(Data for this exercise)
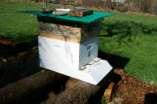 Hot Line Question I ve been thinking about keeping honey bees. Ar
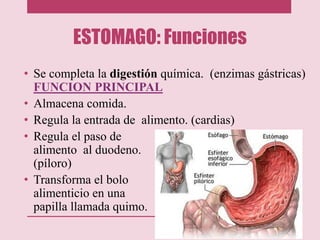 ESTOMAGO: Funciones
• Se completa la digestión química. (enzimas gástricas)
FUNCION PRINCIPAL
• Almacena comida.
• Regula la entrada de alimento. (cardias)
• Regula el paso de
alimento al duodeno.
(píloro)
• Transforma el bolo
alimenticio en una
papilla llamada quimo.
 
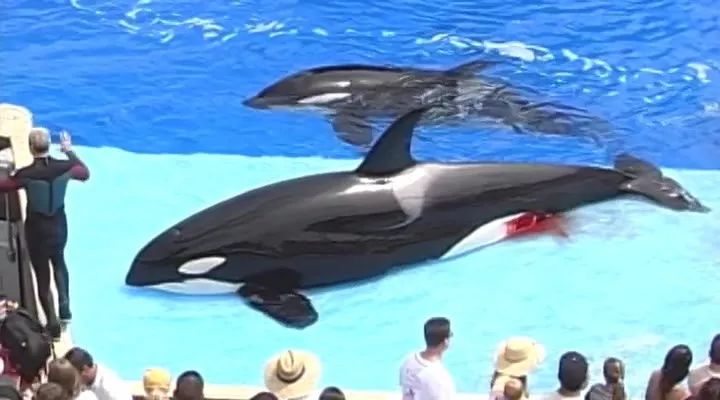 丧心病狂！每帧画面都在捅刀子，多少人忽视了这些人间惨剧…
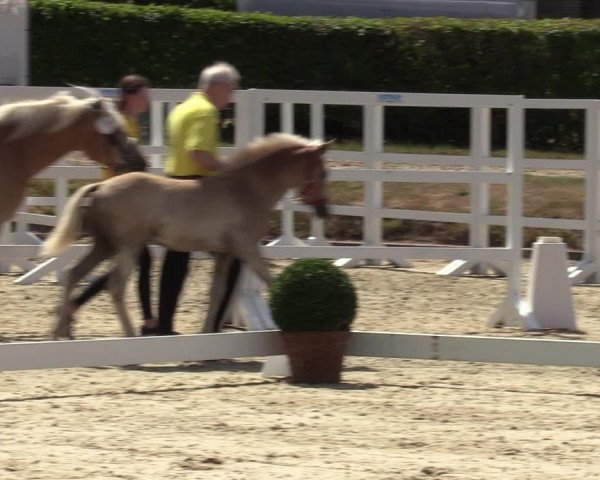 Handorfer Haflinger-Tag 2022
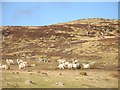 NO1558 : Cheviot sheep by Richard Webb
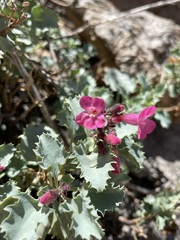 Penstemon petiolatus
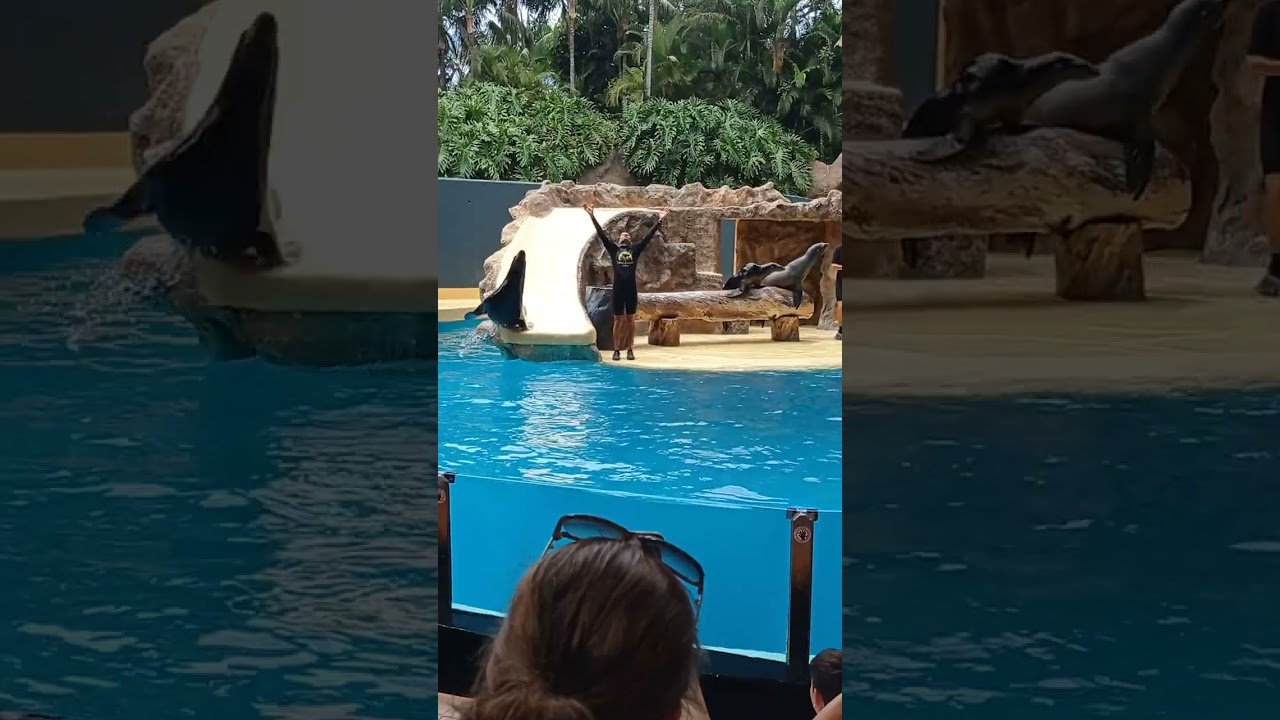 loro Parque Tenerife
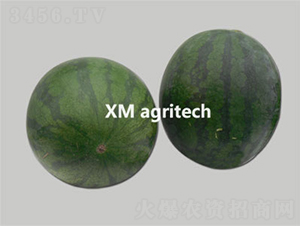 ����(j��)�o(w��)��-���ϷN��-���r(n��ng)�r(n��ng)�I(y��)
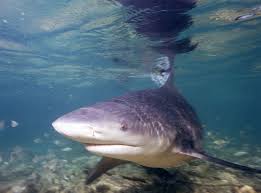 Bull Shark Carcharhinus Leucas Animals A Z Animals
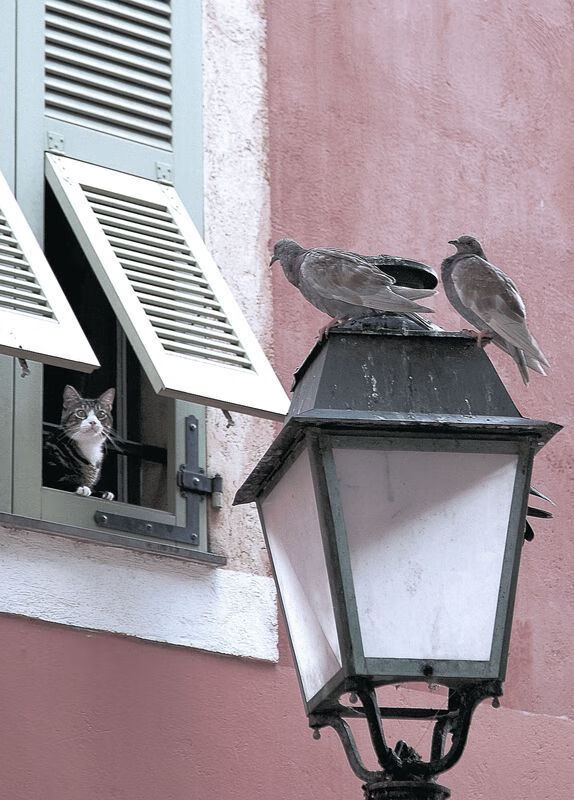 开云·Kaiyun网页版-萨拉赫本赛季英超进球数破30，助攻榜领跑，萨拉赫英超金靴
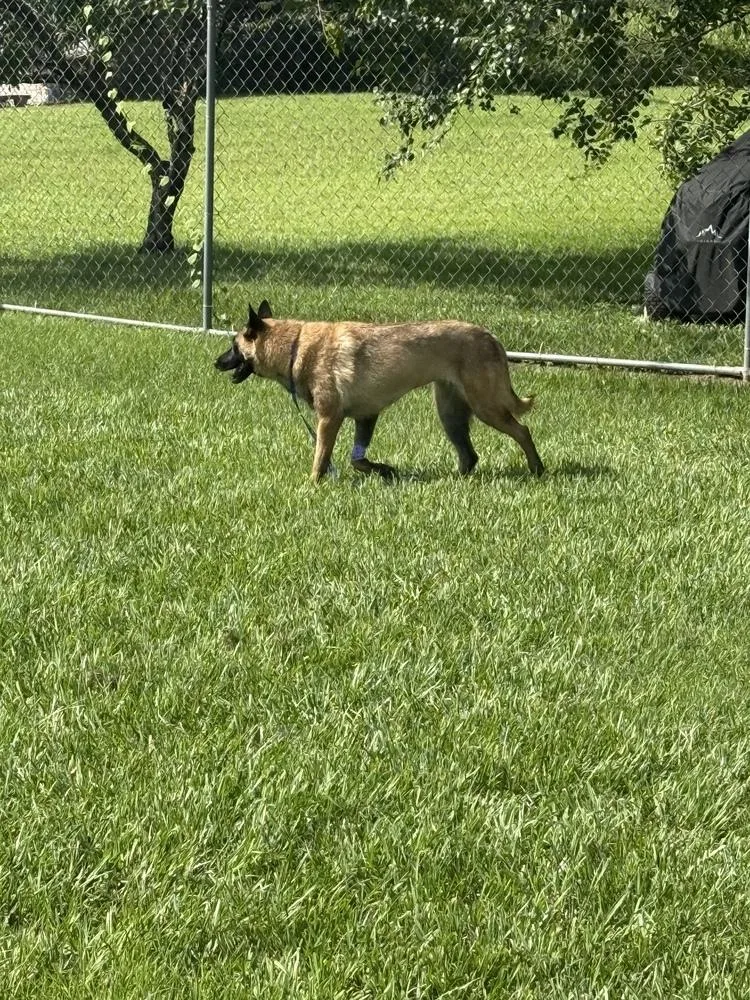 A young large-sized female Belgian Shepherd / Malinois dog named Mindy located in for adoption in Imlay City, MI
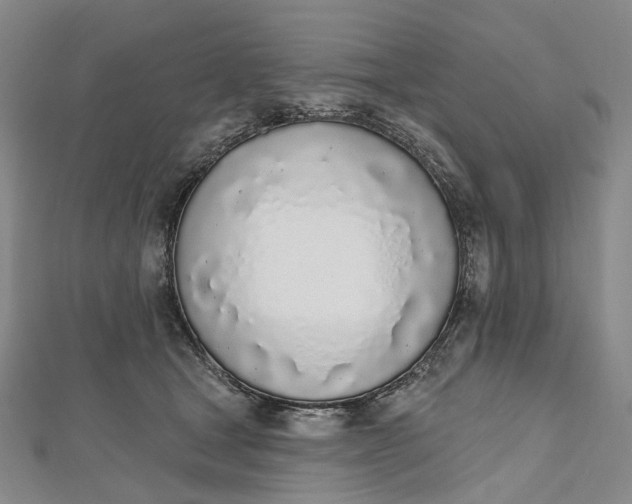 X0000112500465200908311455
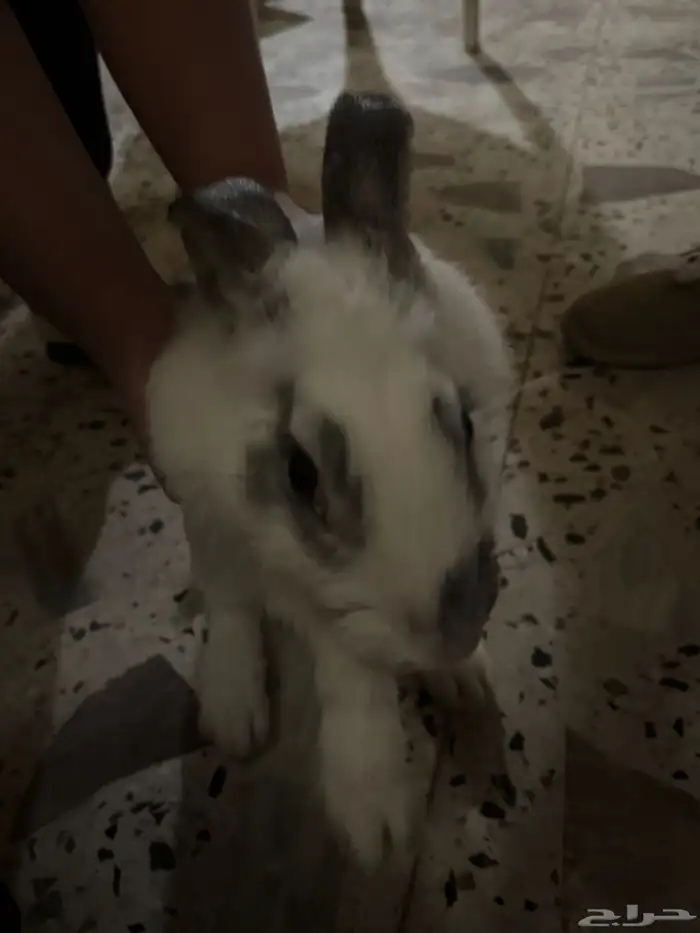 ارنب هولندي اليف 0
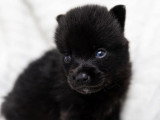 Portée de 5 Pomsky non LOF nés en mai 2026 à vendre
(End Data for this exercise)
(Data for this exercise)
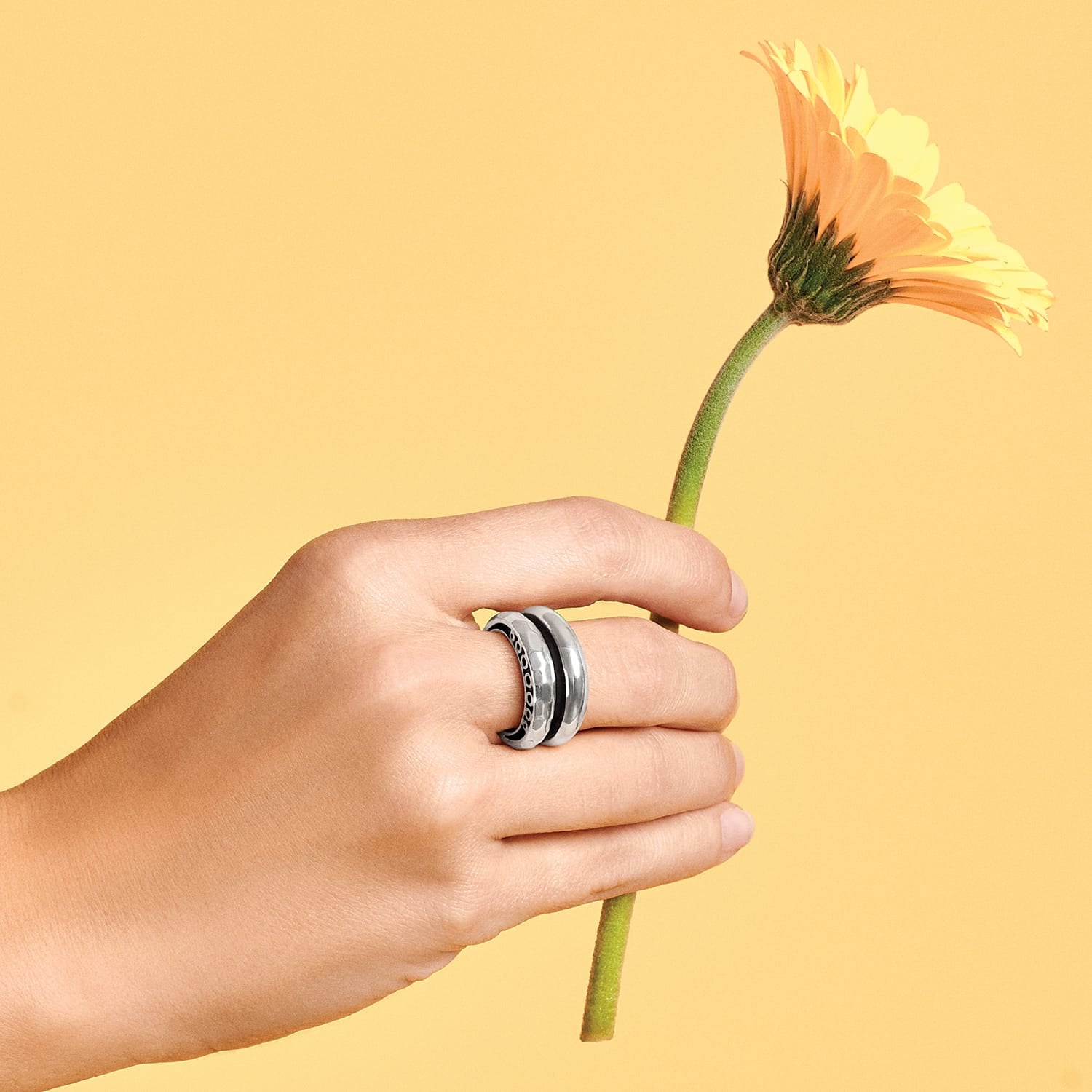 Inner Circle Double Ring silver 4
(End Data for this exercise)
# Problem description
Write out again exactly the lines above from the one with "FUNCION PRINCIPAL" through the one with "Portée de 5", adding no other lines and no pictures.

# Output for this exercise
FUNCION PRINCIPAL
• Almacena comida.
• Regula la entrada de alimento. (cardias)
• Regula el paso de
alimento al duodeno.
(píloro)
• Transforma el bolo
alimenticio en una
papilla llamada quimo.
 
 丧心病狂！每帧画面都在捅刀子，多少人忽视了这些人间惨剧…
 Handorfer Haflinger-Tag 2022
 NO1558 : Cheviot sheep by Richard Webb
 Penstemon petiolatus
 loro Parque Tenerife
 ����(j��)�o(w��)��-���ϷN��-���r(n��ng)�r(n��ng)�I(y��)
 Bull Shark Carcharhinus Leucas Animals A Z Animals
 开云·Kaiyun网页版-萨拉赫本赛季英超进球数破30，助攻榜领跑，萨拉赫英超金靴
 A young large-sized female Belgian Shepherd / Malinois dog named Mindy located in for adoption in Imlay City, MI
 X0000112500465200908311455
 ارنب هولندي اليف 0
 Portée de 5 Pomsky non LOF nés en mai 2026 à vendre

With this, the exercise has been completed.